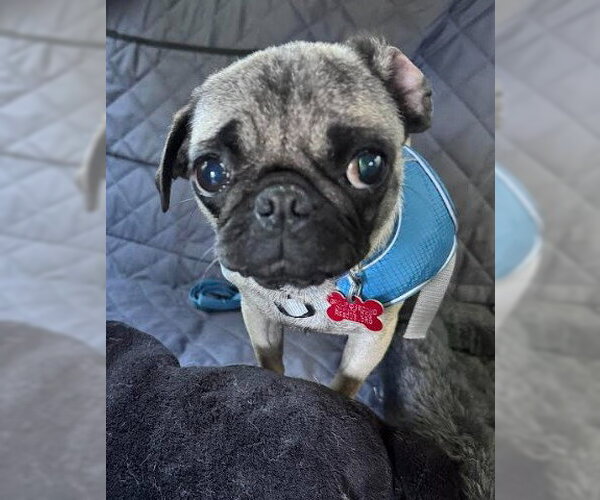 Medium Photo #4 Pug Puppy For Sale in San Diego, CA, USA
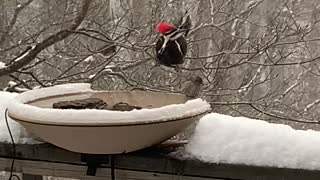 a snowy day with a pileated woodpecker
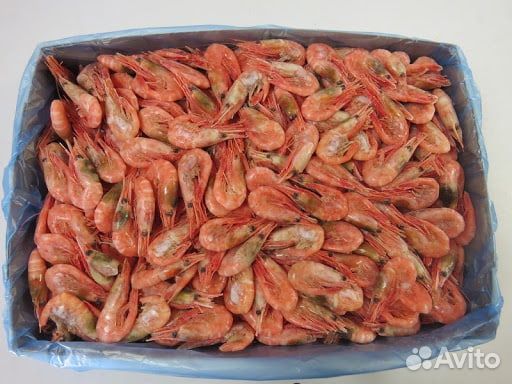 Рыба и Морепродукты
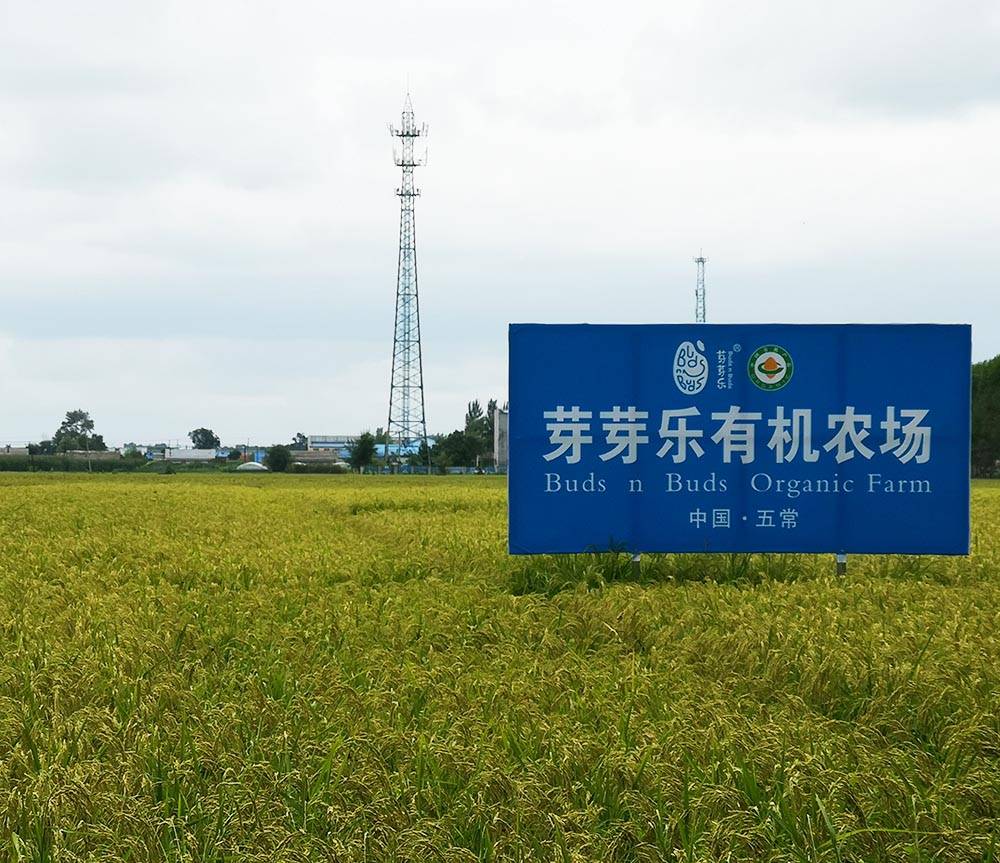 五常富硒大米十斤装（五常富硒米的功效和作用）-硒宝网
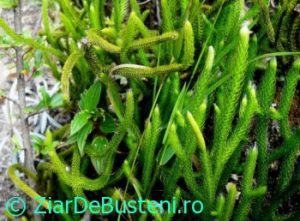 0172bradisor
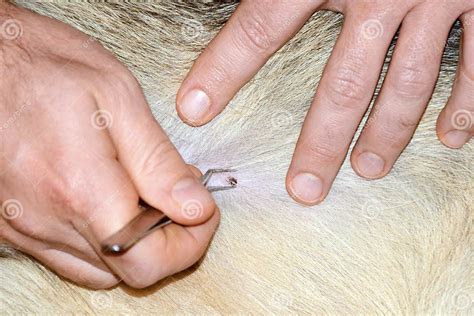 Removing Tick Attached To Dog With Tweezers Stock Image Image Of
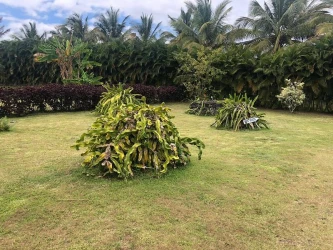 jardin-a-saint-andre-40000m2-pour-votre-journee-dentreprise-mariage-7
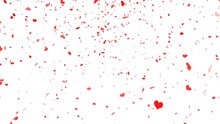 Red Love Heart Animation Rain Fall For Valentine Day With Transparent Background.  Format Quick Time Alpha Rgb, Video Codec Animation.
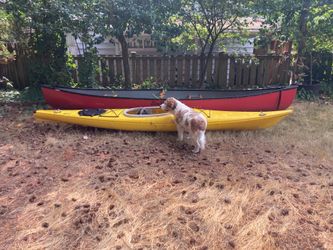 Kayak 13’ Necky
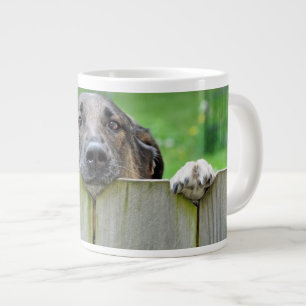 Grande Tasse Un berger allemand regarde la clôture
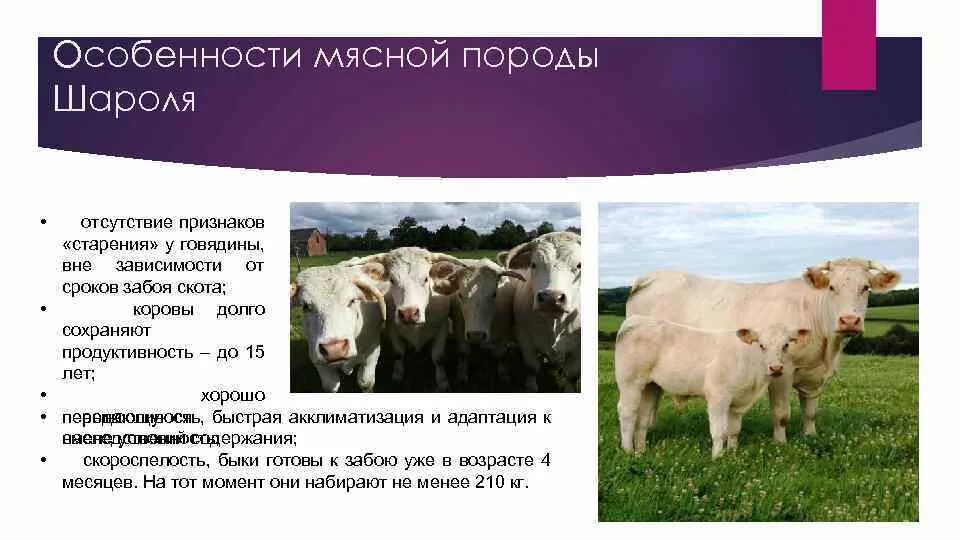 Биологические особенности рогатого скота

> _WHAT THE TASK REQUIRES_:
Where pictures sit among the data above, omit them, and output the rest exactly.

> _ANSWER BOX_:
 Medium Photo #4 Pug Puppy For Sale in San Diego, CA, USA
 a snowy day with a pileated woodpecker
 Рыба и Морепродукты
 五常富硒大米十斤装（五常富硒米的功效和作用）-硒宝网
 0172bradisor
 Removing Tick Attached To Dog With Tweezers Stock Image Image Of
 jardin-a-saint-andre-40000m2-pour-votre-journee-dentreprise-mariage-7
 Red Love Heart Animation Rain Fall For Valentine Day With Transparent Background.  Format Quick Time Alpha Rgb, Video Codec Animation.
 Kayak 13’ Necky
 Grande Tasse Un berger allemand regarde la clôture
 Биологические особенности рогатого скота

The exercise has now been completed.